Główna >>

RSS
Nie idźmy na tę wojnę! To nie nasza wojna!

 

Wiedźmin Turbolechita

2019-03-05   kategorie: kultura społeczeństwo

Jeśli ktoś jeszcze nie widział "Wiedźmina Turbolechity" Ziemowita Szczerka w Teatrze Nowym w Krakowie, to gorąco zachęcam, o ile uda się wam jeszcze "załapać" na jakiś spektakl (na razie do końca marca w repertuarze nie ma niestety żadnego). Wielkie brawa należą się i autorowi, i reżyserowi, i odtwórcy głównej roli, i całemu zespołowi teatru - bo i tekst znakomity, i realizacja iście brawurowa, a w lekkiej formie sztuka traktuje o rzeczach arcyważnych. W tym przedstawieniu jest wszystko. Wstawanie z kolan, "spedalony Zachód", Polską w istocie gardzący, rosyjscy geopolitycy, Wielka Lechia, Ameryka, która sprzedaje nam chorągiewkę za kosztowności i zmywa się czym prędzej, bo "America first", i Narodowy Cydr, będący "sponsorem walki o niepodległość 966-2066". Wiedźmin obiecuje zbudować lepszą przeszłość - nie przyszłość, bo przyszłość jest niepewna, ale przeszłość, bo ta jako coś, co już było, jest pewna na 100% (a w dodatku można ją zbudować samym słowem, w czym my, Lechici, jesteśmy mocni, nie potrzeba do tego działań) - i wciąż nie może rozstrzygnąć wątpliwości, czyśmy bardziej z Zachodu czy ze Wschodu. Bośmy Lechici, i jebać ten Zachód, ale z drugiej strony bez zachodniości wyglądamy jakby zbyt rusko, więc do Zachodu musimy...
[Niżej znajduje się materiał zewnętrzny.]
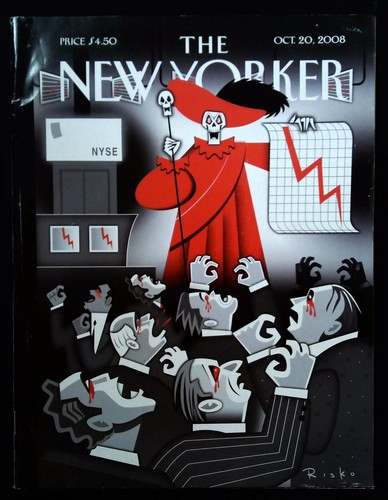 The new yorker - the,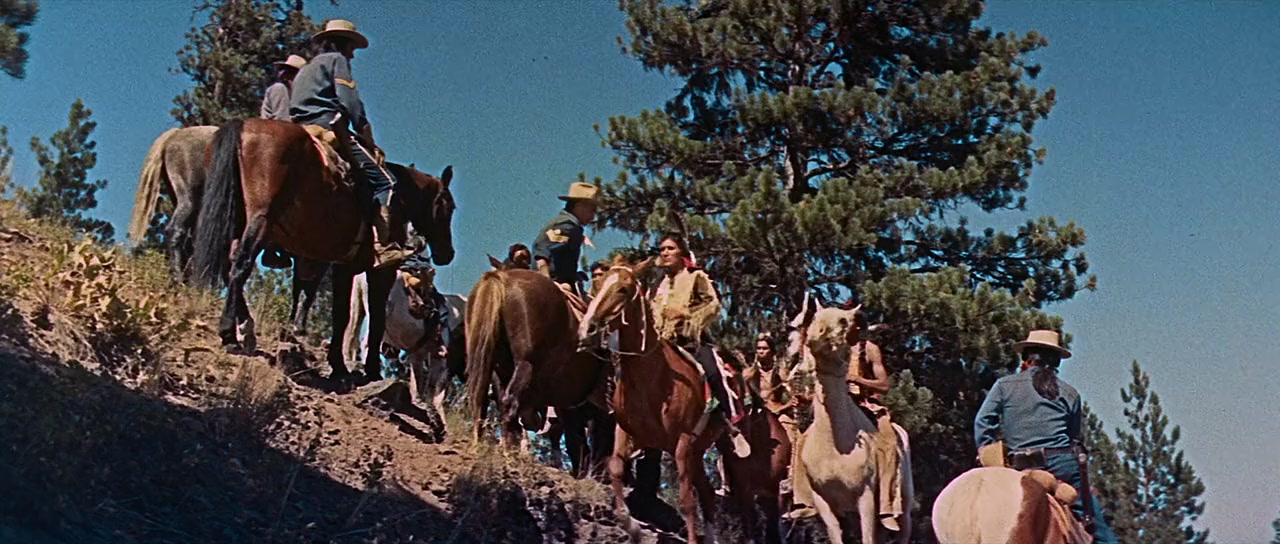 Pillars of the Sky screenshot 1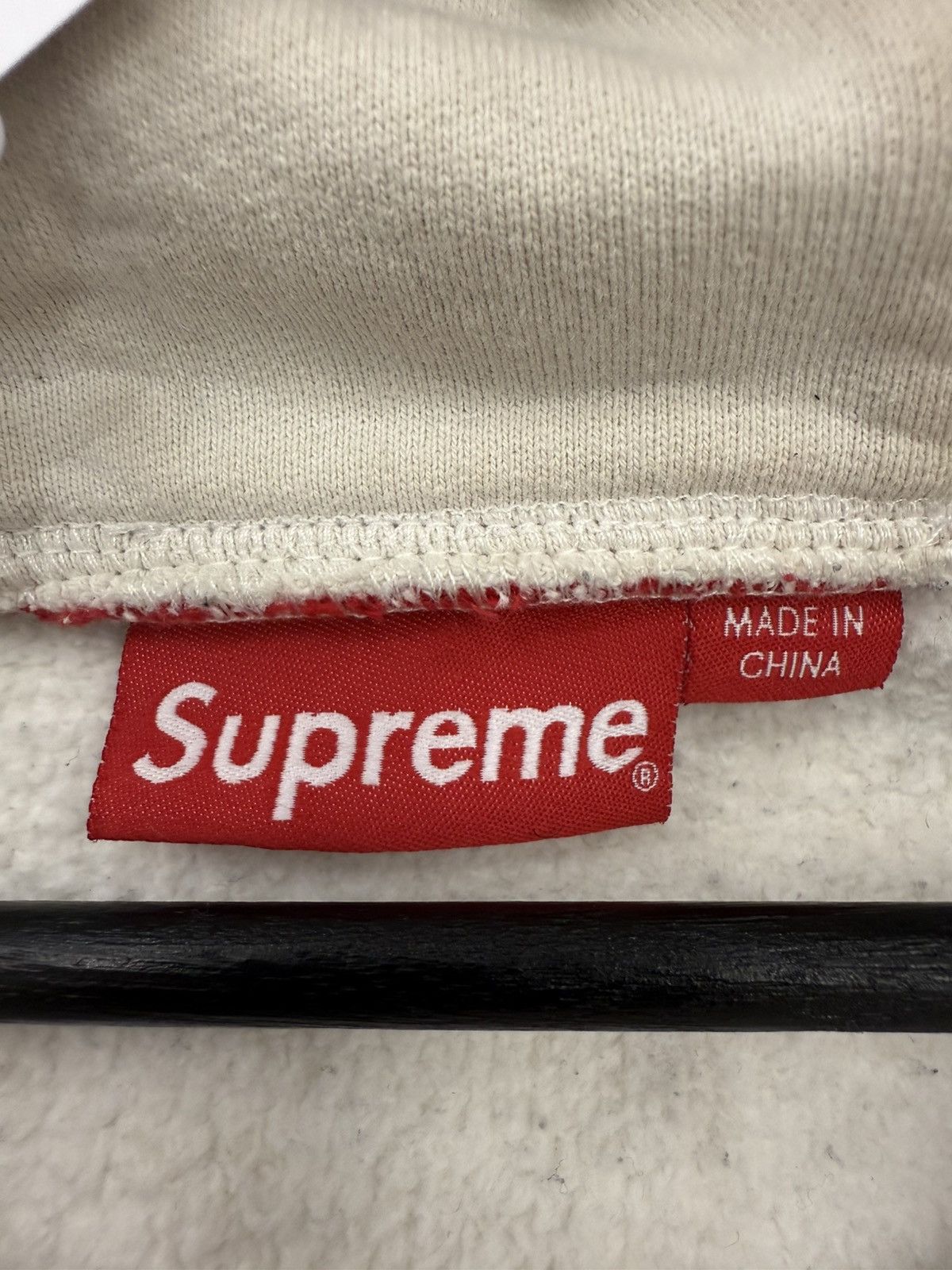 Supreme Supreme Cap Zip Up Hoodie Size US M / EU 48-50 / 2 - 8 Thumbnail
Oglądając ten spektakl miałem przemożne skojarzenie z "Weselem" Wyspiańskiego. Myślę, że "Wiedźmin Turbolechita" jest tym dla naszych czasów, czym "Wesele" było dla swoich. I niewesołe to skojarzenie. Bo choć ze spektaklu wychodzi się rozbawionym, to przecież aktorzy skandujący w finale spektaklu "Moc jest z na-mi! Le-chi-ta-mi!" (ale na kolanach!) są tylko ujętymi w nieco inną formę weselnikami tańczącymi chocholi taniec w finale sztuki Wyspiańskiego. Dobrze ponad sto lat minęło, a Polacy wciąż go tańczą...

Ale spektakl trzeba zobaczyć obowiązkowo.